# Remote Camera Monitoring



## Control Freak (Mar 8, 2008)

can you be a little more specific? Price range?


----------



## simmo (Dec 12, 2007)

Cameras should be the least of your concern, yes there are good and not not so good, really depends on what you are monitoring. Some cheaper cameras can and do work well with higher range quality lens and IR lighting.

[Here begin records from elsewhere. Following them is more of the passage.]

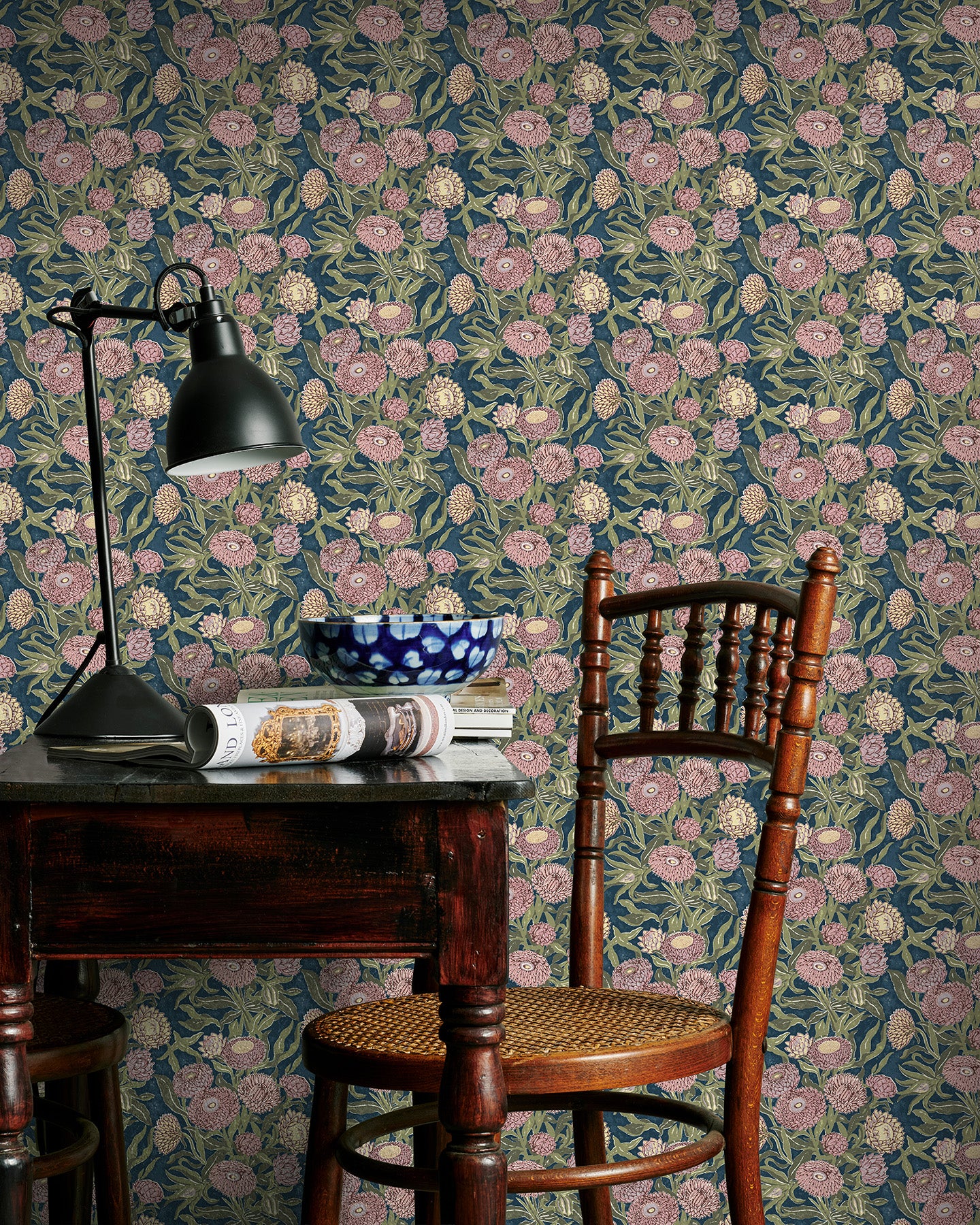 Room interior with pink and blue floral wallpaper, wooden chair, and desk lamp.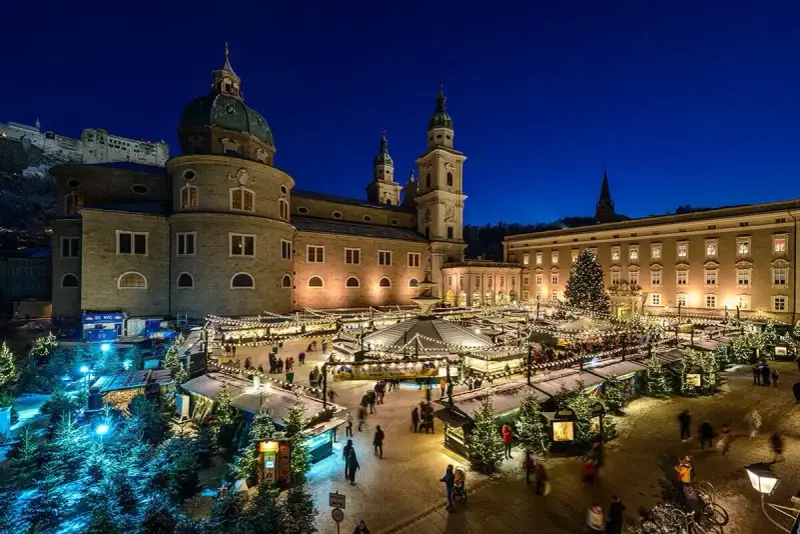 A magical Salzburg Austria Christmas market glows at night, with stalls, trees, and the cathedral creating a festive scene.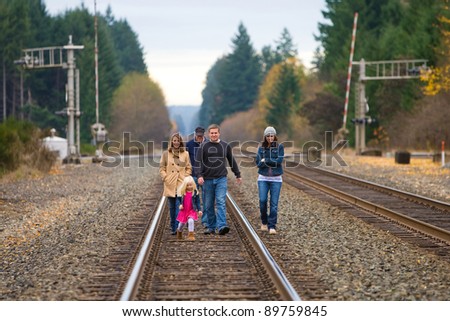 Group of people walking down train tracks outside on an Autumn day.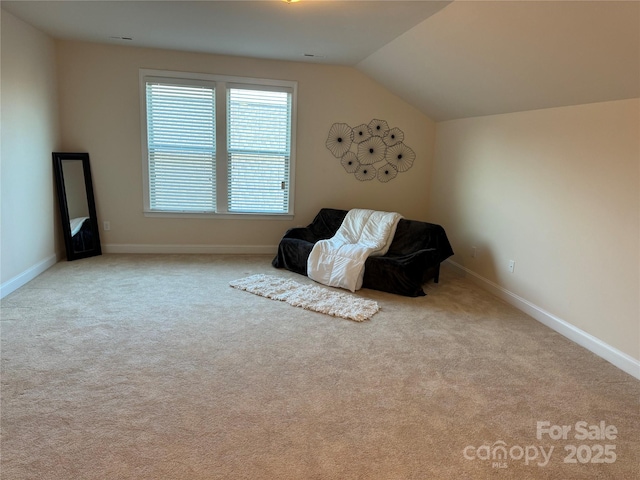 living area featuring carpet, baseboards, and lofted ceiling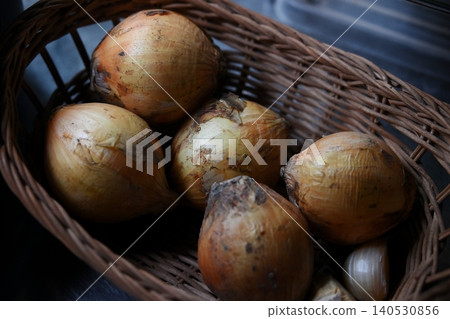 New onions in a colander New onions in a colander 140530856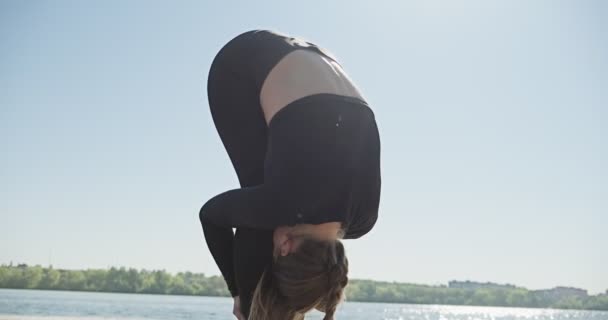 Jonge blonde vrouw die yoga beoefent op de houten ligplaats aan het meer. Single sport gezonde training op de natuur bij zonnig weer — Stockvideo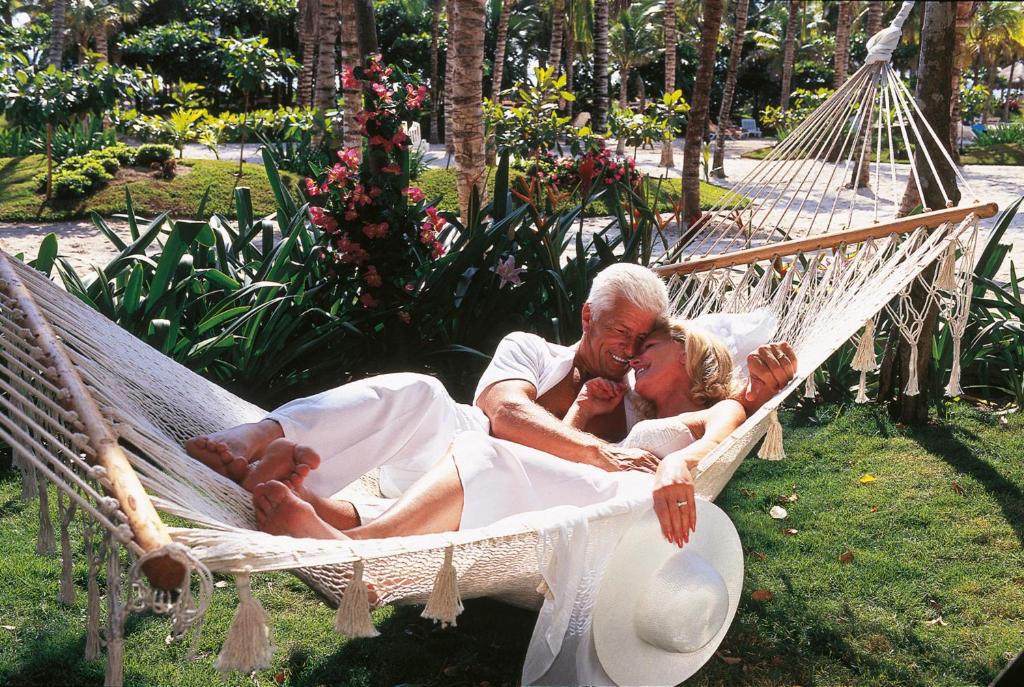 Skaists pāris atpūšas šūpuļtīklā tropu dārzā, izbaudot romantisku brīdi. Viņi ir ģērbušies baltās drēbēs, un apkārt redzams krāšņs ziedu un zaļumu fons.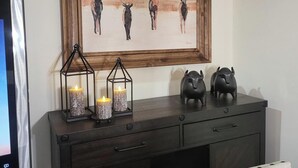 A dark wooden desk with two lit candles in glass lanterns, a framed artwork of deer, and two black pig figurines. - Ride from your door Atv Trails & Swim,Fish in Tug Hill Plenty of Trailer Parking (Redfield)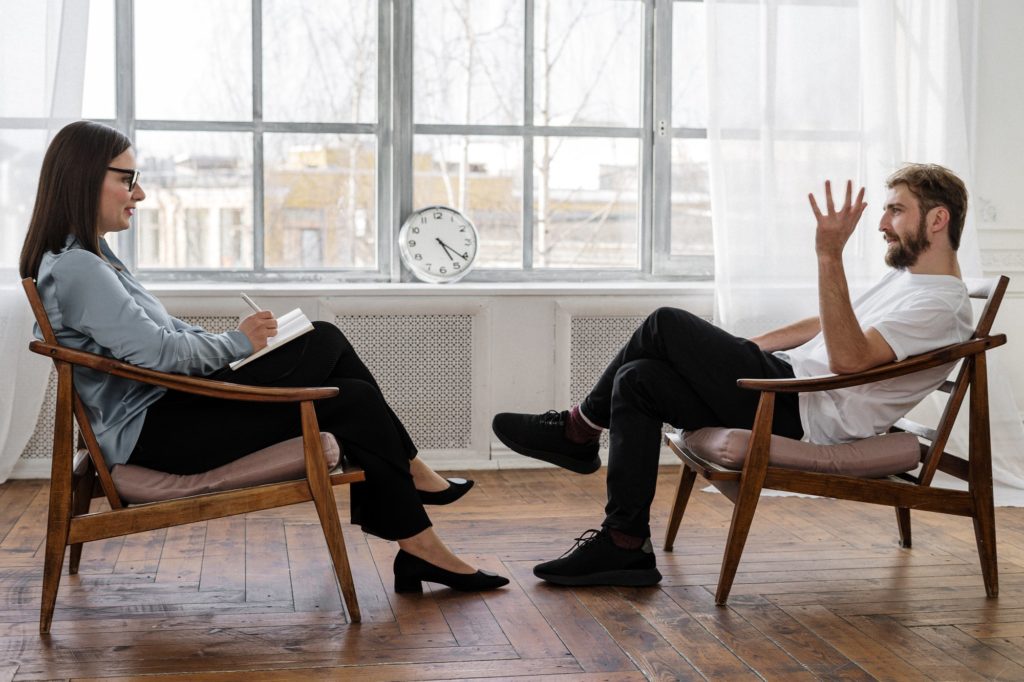 Young man in a therapy session discussing his mental health disorder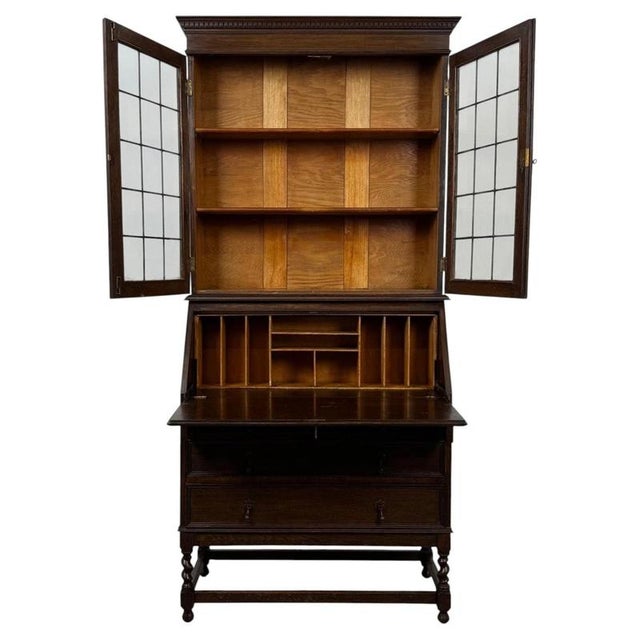A handsome and substantial 20th-century Jacobean style bureau bookcase, beautifully crafted in oak and combining glazed...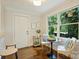 Cozy breakfast nook featuring large windows and access to the outdoors at 908 Academy St, Charlotte, NC 28205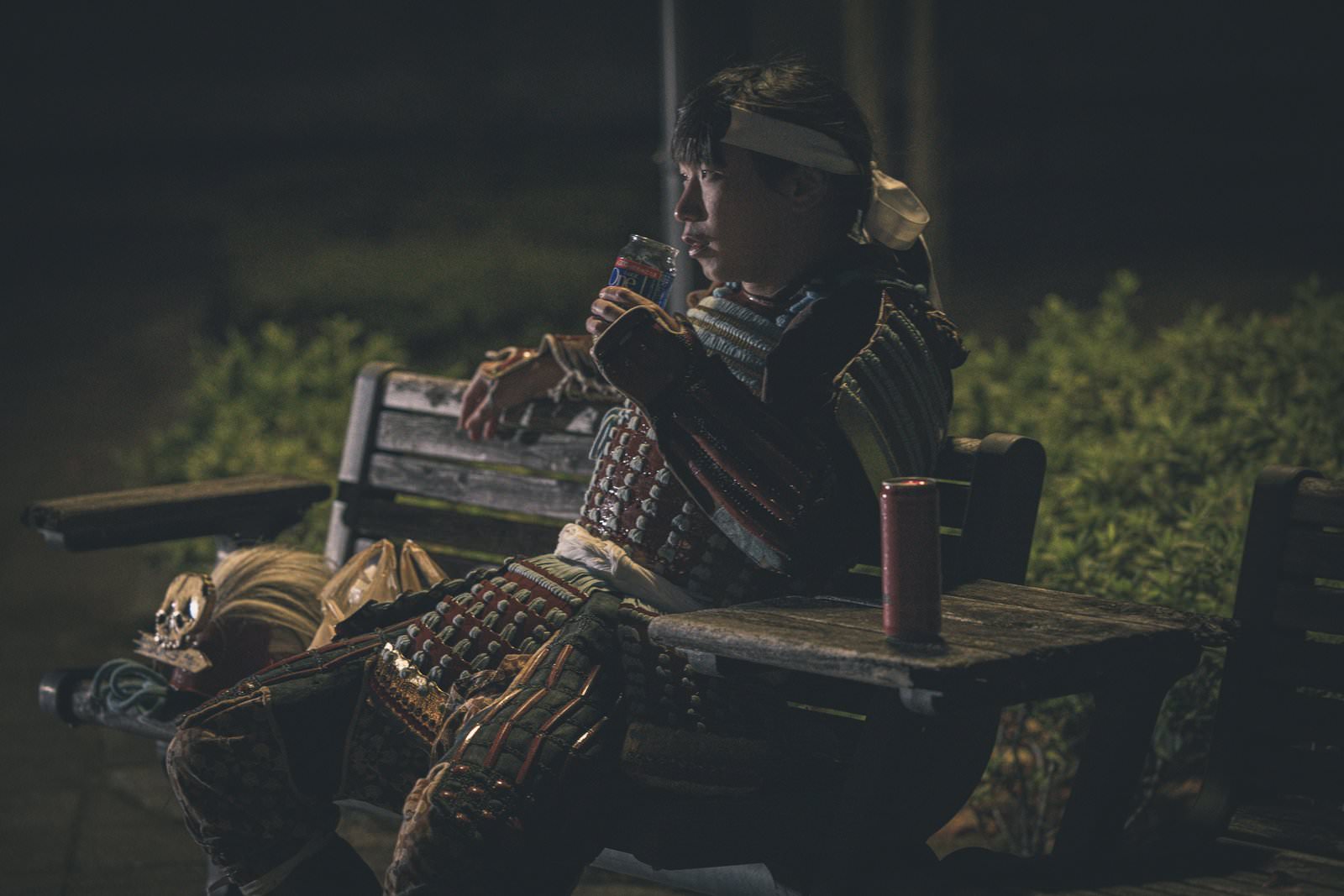 夜の公園のベンチで日本酒を飲んでいる甲冑を着た侍の男性［モデル：まーこ］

As for remote monitoring, how are you planning on doing this? Through a DVR Computer card or a dedicated DVR with built in HHD and internet connection?

Need more info for sure.


----------



## wbg406 (Mar 27, 2008)

The application is for a construction company using it for their customers to look at the progress of their projects. This would definatley be internet based using Verizon Wireless service as there is no hard wire internet service available at the site as of yet. There was no mention of dvr or the ability to record anything. Verizon Wireless will provide an IP address to login to the camera remotely. They are looking for a camera that can provide the ability to pan left and right as well as zoom.


----------



## simmo (Dec 12, 2007)

O.k - I would suggest using a single channel video server box hooked into a wireless network connection. Camera of choice for me would be a Vivotek PZ6114 IP Network PTZ Wireless Security Camera







. 

You really dont want to go through the problems associated with hosting the camera through an independant web based server, hence using the video server box.


----------



## wbg406 (Mar 27, 2008)

Thanks simmo - much appreciated


----------



## simmo (Dec 12, 2007)

No problem, glad to help out - if you need any other info on CCTV, networking cameras, or DVR's just post back.


----------